Homeowners from Pukekohe, Manurewa, Mangere, Takanini and Waiuku made up the majority fleeing South Auckland while homeowners from Henderson, followed by Massey and the Te Atatu peninsula made up those leaving the west.
Phil Twyford, Labour's housing spokesman, said the data showed the impact of Auckland's high house prices.
"A city's productivity and prosperity is defined by where people can live and work, have mobility to get to jobs and that's critical. There's a breakdown now in Auckland," he said.
Retired people he met at a Te Atatu bowling club were selling for about $900,000 and buying in the Waikato for only about $400,000.
"They're pocketing a big cash windfall. This is a matter of financial survival," Mr Twyford said.
University of Auckland property professor Larry Murphy is also concerned about the effects.
"Locals in those regions might actually suffer with higher house prices. Vendors might be excited or happy but new families might find it challenging to buy a house," he said.
He also understood why Aucklanders shifted south: "When you're getting older, do you want to move out of the city and live in a smaller town? Also, the search for lifestyle, living in coastal areas with high amenity ... if this becomes more pronounced, potentially those other markets will start appreciating, " Dr Murphy said.
The CoreLogic numbers indicate this is already happening.
"Aucklanders are paying a premium and driving up local prices. The average price paid by Aucklanders in the Waikato so far this year is $398,000, an average of $22,000 more than the locals. They are paying an average of 11.4 per cent above CV compared to non-Aucklanders who are paying just 6.7 per cent above CV," Mr Farmer said.
"In Tauranga, it's a similar trend. People moving from Auckland are paying an average 15.2 per cent above CV, 1 per cent more than locals. In dollar terms, that equates to an average price paid by an Aucklander of $533,000 compared to $475,000 by a local," Mr Farmer said.
Shamubeel Eaqub, the economist who with wife Selena wrote Generation Rent, said Aucklanders were spreading their housing problems.

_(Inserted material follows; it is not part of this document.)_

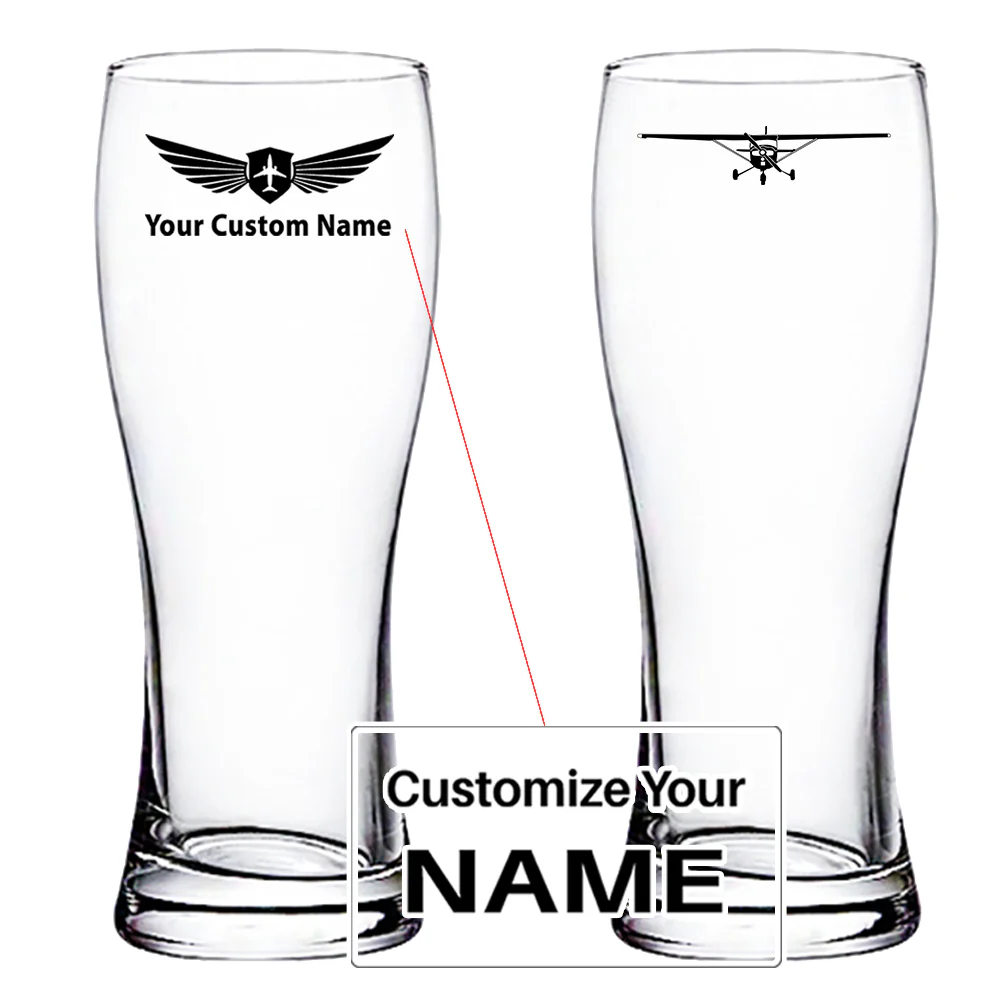 Cessna 172 Silhouette Designed Pilsner Beer Glasses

"The housing market remains broken. We have to fix the supply of land, infrastructure and houses. Taxes on capital gains need to be rigorously implemented and negative gearing abolished," he said.
"Banking rules that push them to lend to mortgages rather than entrepreneurship needs to change.
"And finally, we need to fix rental rules to give greater certainty of tenure for renters and make even a rented place a home."
Off to Tauranga ...
"It's a rat race," says Aucklander Casey Paki of life in the city.
He spends more than an hour commuting from west Auckland into the city centre, where he works. "So I'm leaving."
Fortunately, Mr Paki works for a business with offices around New Zealand, including the Bay of Plenty, so he is able to relocate without any work worries.
Tauranga is his pick, mainly for the lifestyle and lower house prices. "It'll take me five minutes to get to work there. I'm just not seeing enough of my kids at the moment," he said.
He is pondering selling the family home and buying in Tauranga, although he has some concerns about the timing.
"If we don't get into the Tauranga market in the next year, we might miss out," he said. Mr Paki will make his job change next week - and will start looking at Tauranga houses.
Off to Hamilton ...
Aucklander Lesley Mason is fed up with Auckland's traffic jams.
The pace of life got to her, so she plans to move to Hamilton at the end of this month. "I've been renting in Auckland but I've bought in Hamilton. We looked in Auckland but couldn't find anything so we're getting transferred. I do love Auckland but the traffic is insane. I lived in Johannesburg and that had worse traffic but I've had enough of the traffic here and the congestion."
She lives in Avondale but works in Royal Oak.
"I would have bought here if prices had not soared," she said.
Hamilton real estate agent Cathy O'Shea said Ms Mason's timing was shrewd.